I was a bit apprehensive towards doing a big road trip in Turkey. It’s a country I’ve not really travelled much, and it’s a country that doesn’t speak English. So, I’d be lying if I said there was no stress to planning the trip. However, it didn’t take me long to realize that most of my stresses were fairly unfounded. In fact, I would put Turkey right up there with other great road trip countries like Iceland, The US, and South Africa. The roads are good, the views are beautiful, and the people are fantastic.
To save you a bit of time, and to maybe ease some of your stresses, I’ve put together a complete guide to planning a road trip in Turkey below.
Where to Go
Planning where to go, in a country that you know very little about can be a little bit overwhelming. I searched out some places, and then tied it all together. Below was my itinerary for Turkey, and it worked out really great.
Istanbul: You don’t need to start in Istanbul, but it makes most sense to. You can also fly into other places like Antalya if you prefer to be in that area. But, Istanbul is such a great city, you’ll definitely want a couple days here.
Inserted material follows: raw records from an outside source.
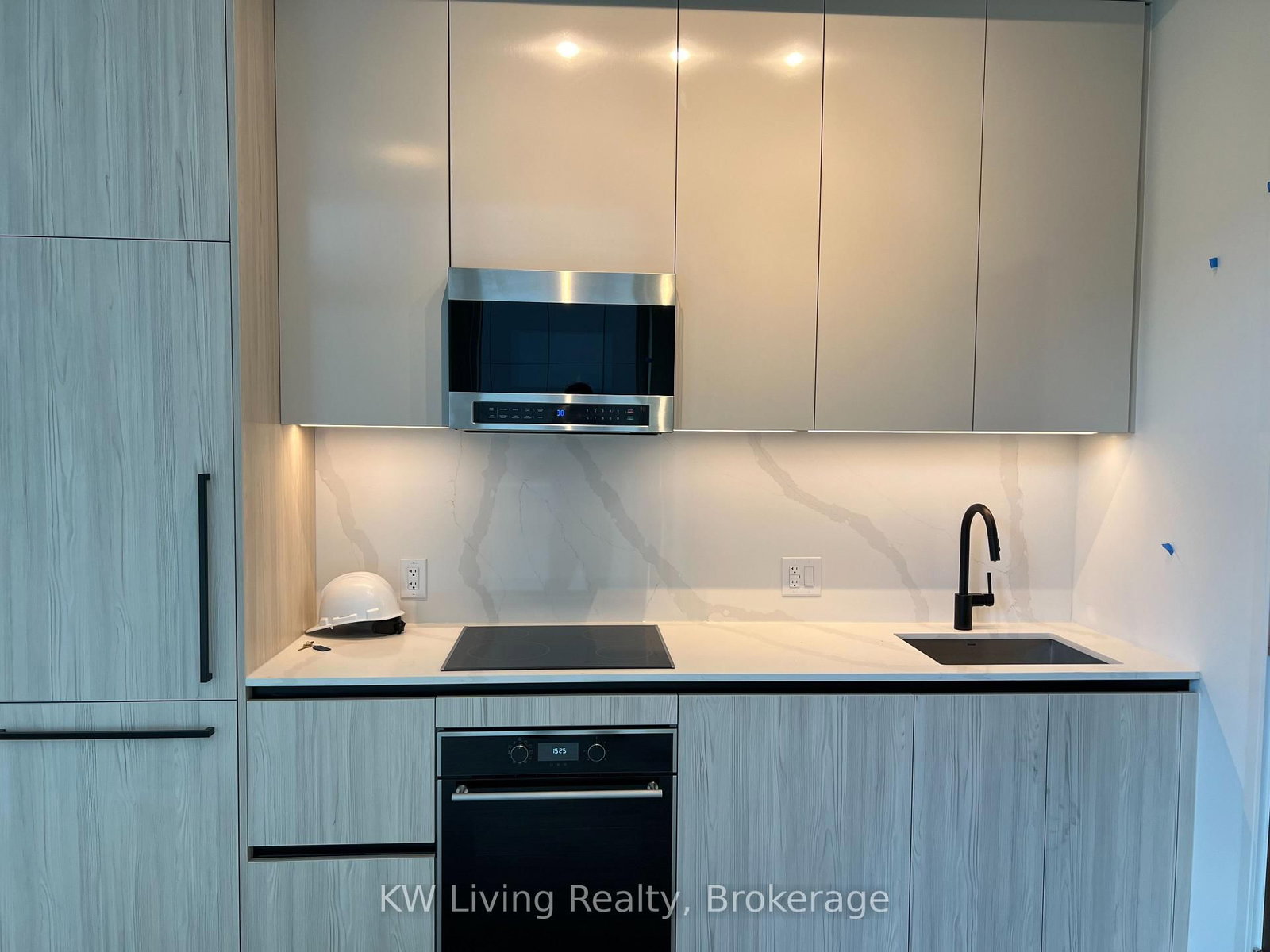 425 Front Street E, Unit 615 - Photo 8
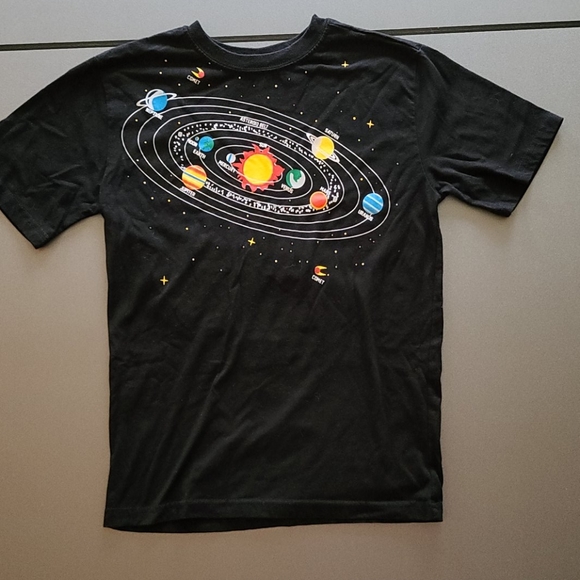 Boys size 10-12 graphic tees - Picture 3 of 4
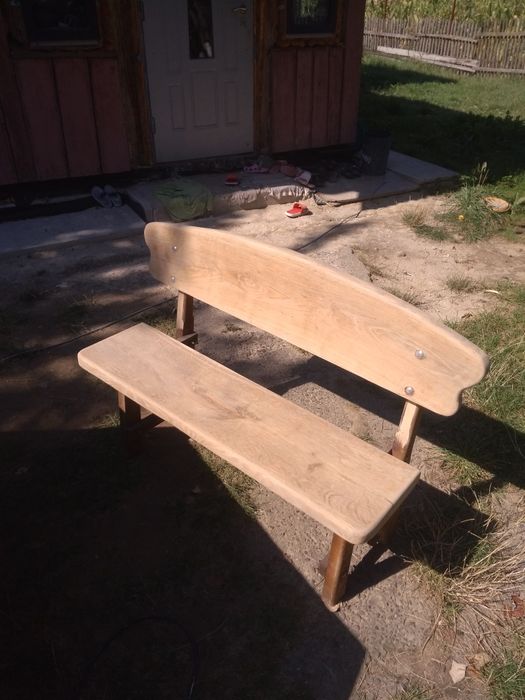 Дубовий стіл , 5 дубових лавок і 2 дубових стільці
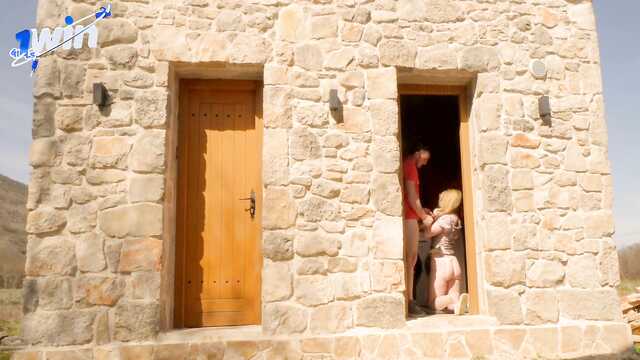 Отодрал в туалете деревенскую блядь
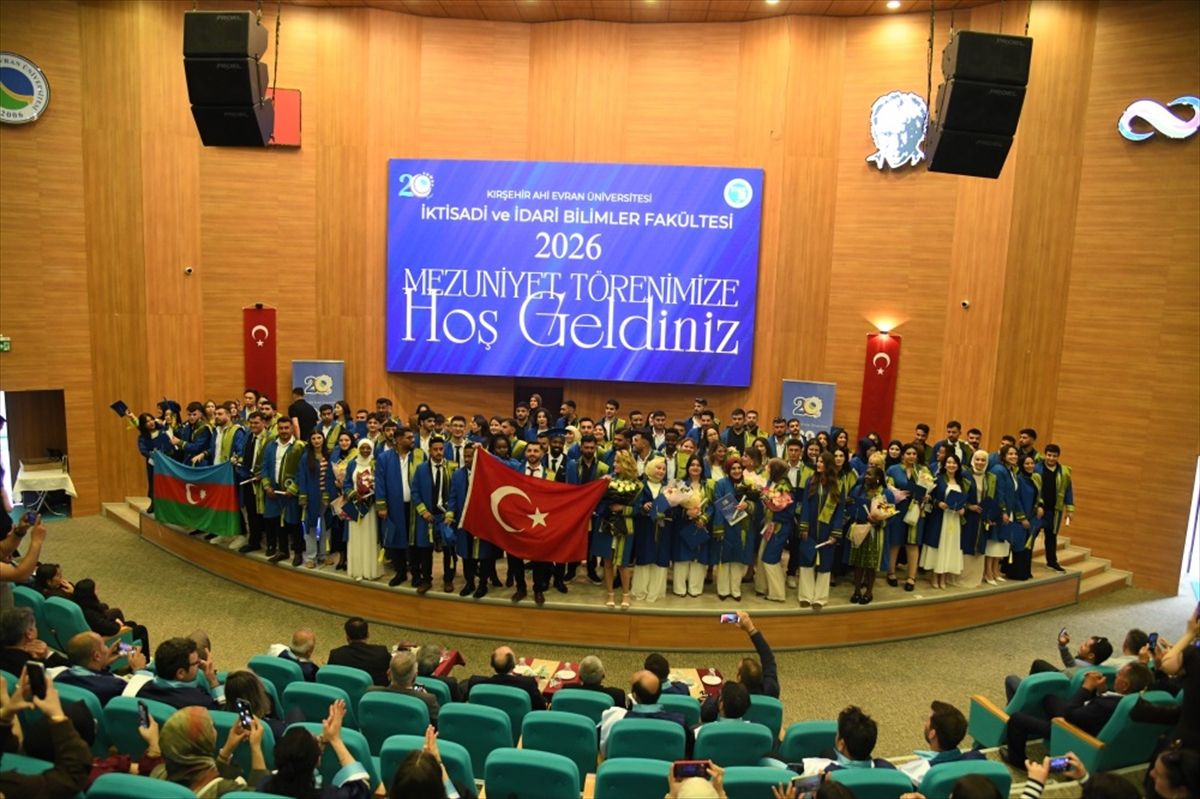 KAEÜ\'de 3.500 Mezun, Ahilik Yemini ile Uğurlandı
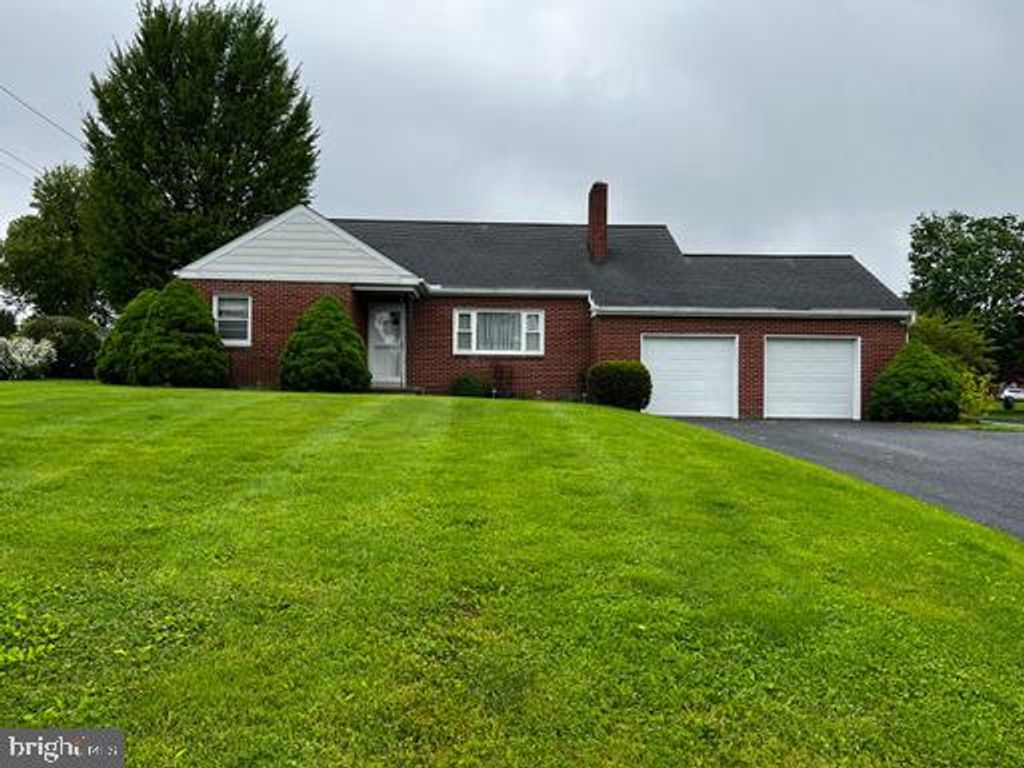 Photo of 213 E PENN GRANT RD, WILLOW STREET, PA 17584 (MLS # PALA2035538)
Cappadocia: I made the long drive to Cappadocia from Istanbul. It took me an entire day and there’s not all too much to see in between. You can also fly here, but the drive is nice, and it makes sense to get your longest day out of the way at the start. You probably need 2-3 full days here in Cappadocia, depending on how much hiking you want to do.
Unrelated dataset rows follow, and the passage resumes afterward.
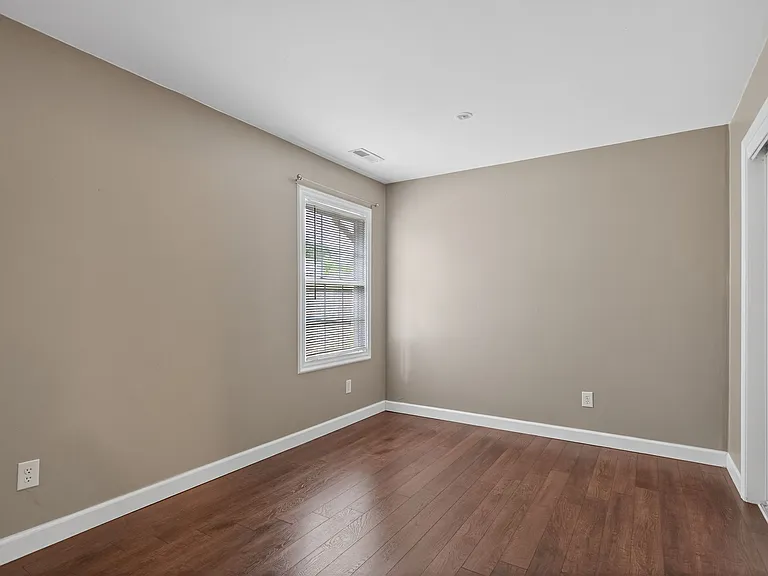 5677 Rushmere Dr — Photo 15
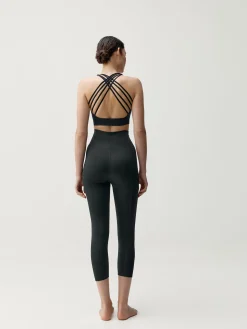 Born Living Yoga Top Apamala Black><noscript><img width=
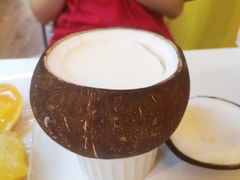 -志龙皇冠吃货椰子铺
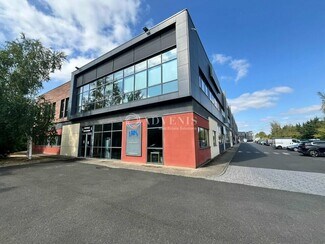 Plus de détails pour Local d'activités à louer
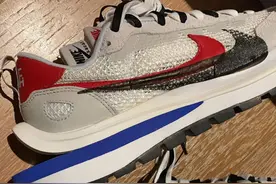 冠希终于晒鞋了！「鸽王」sacai x Nike 新联名本月 13 号发售图片
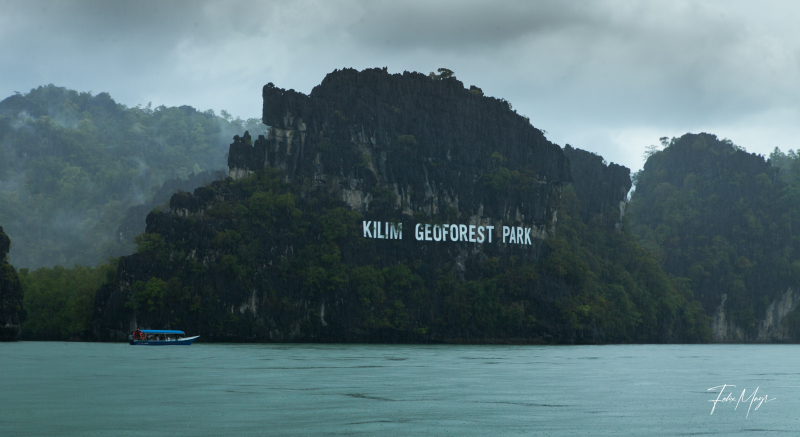 Schriftzug "Kilim Geoforest Park" an Felsen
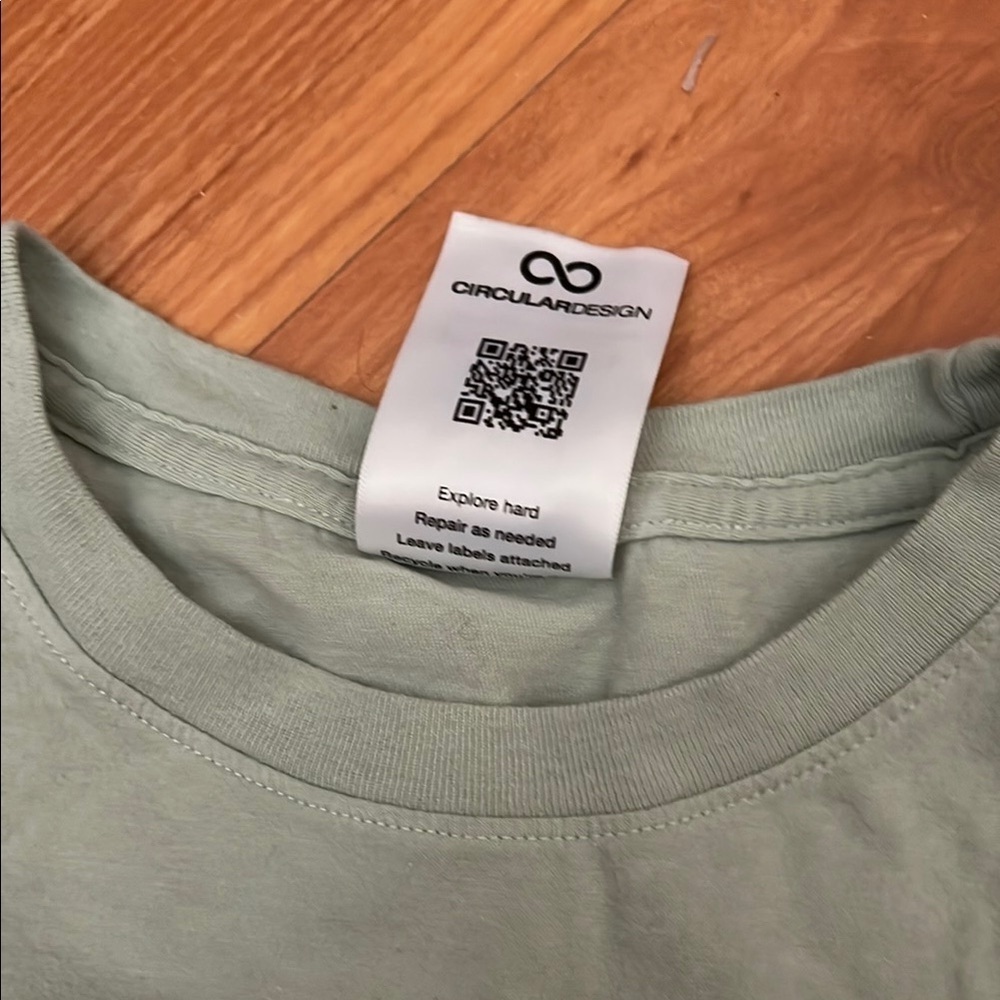 The North Face Mint Green Tee with White Logo Size L - Picture 3 of 4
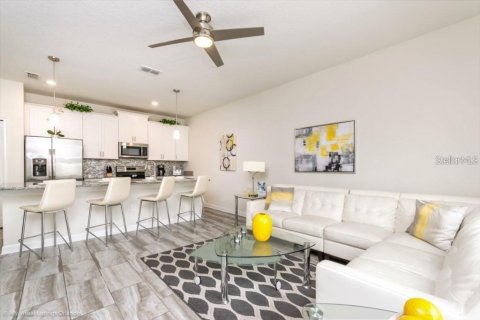 Adosado en alquiler en Kissimmee, Florida, 4 dormitorios, 177.81 m2 № 1833058 - foto 3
Antalya: From Cappadocia, I crossed south to Antalya. The city is beautiful, and definitely worth a couple days of your time.
Cirali: This beautiful little beach was a great stop. On the way here you can stop at the Phaselis Ruins and hidden beach. Then, just outside of town you can hike down the beach to the Olympos Ruins. If you’re around the right time of year, this is also a breeding beach for sea turtles. You’ll likely only need 1 or 2 nights here, depending on how much beach time you want.
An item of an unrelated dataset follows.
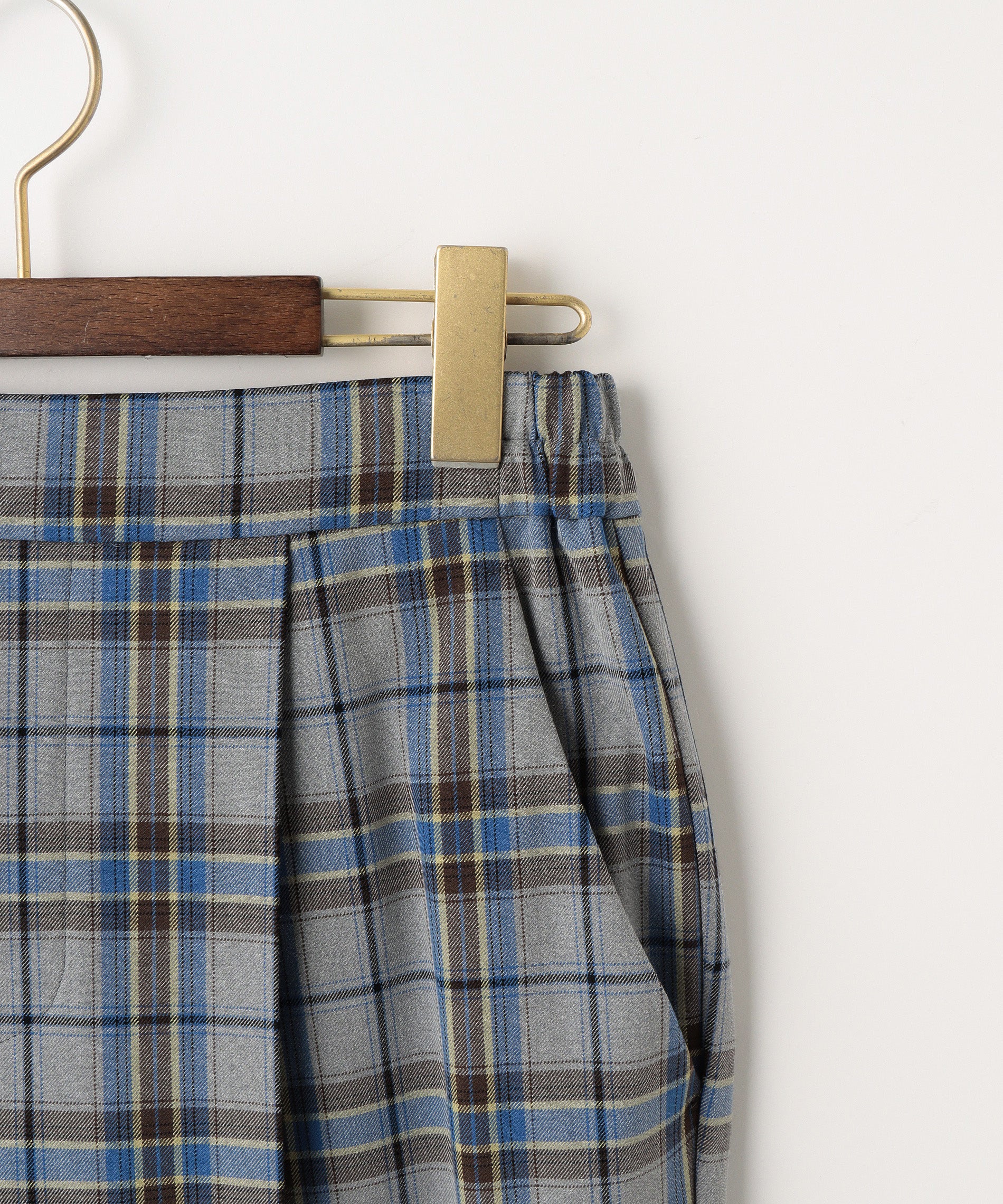 センタープレステーパードパンツ – FACE SANS FARD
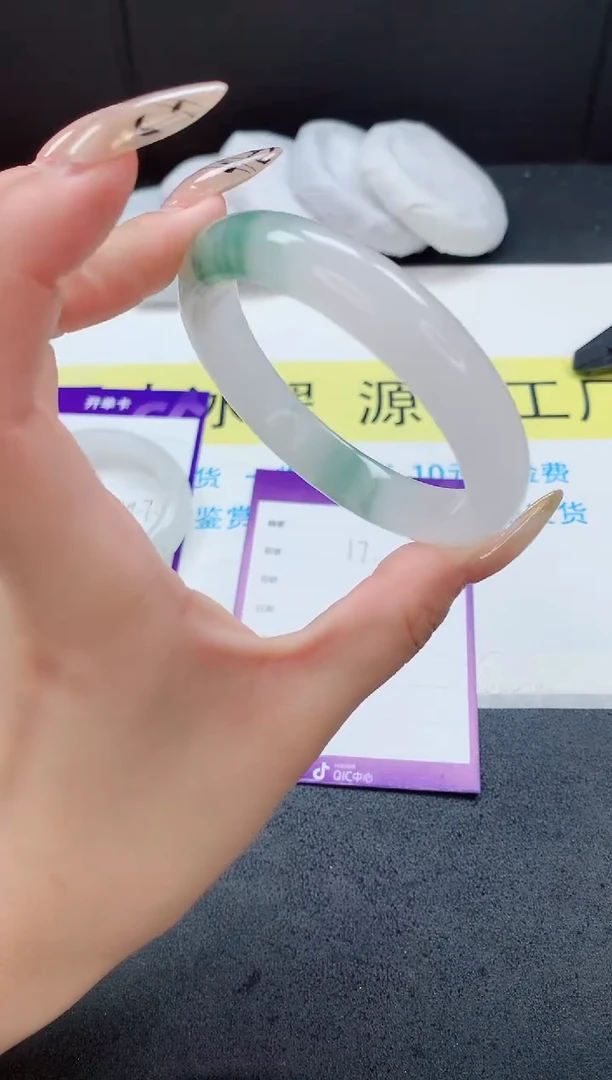 【闪购商品】石英质玉手镯未镶嵌17-58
Oludeniz: This was my favourite beach destination in Turkey. On the way here from Cirali, be sure to make a stop at the Myra Ruins. Also, the drive along the coast here alone is amazing. In Oludeniz, drive up Babadag Mountain, visit the Butterfly Valley, and spend some time chilling on the beach in the Lagoon. I spent 4 days here which was perfect.
Pamukkale: Another must-see in Turkey. I spent 2 nights here. I think that’s more than enough time. Spend an entire day exploring the geological site, ancient pool, and the ruins.
Cesme: Maybe my least favourite destination in Turkey, and you might be better off going to nearby Alacati instead. On the way here from Pamukkale, you should stop at the Efes Ruins which are some of the most impressive in Turkey.
Istanbul: Then, it’s a long drive back to Istanbul. It might be worth it to find another place to stop on the way to break up the long drive.
Ruins near pamukkale
Where to Stay?
One of the great things about travelling Turkey at the moment is there’s a really wide variety of accommodation options. In almost every destination you can find five star hotels, hostels, camping, and everything else in between. It really can suit anyone’s budget.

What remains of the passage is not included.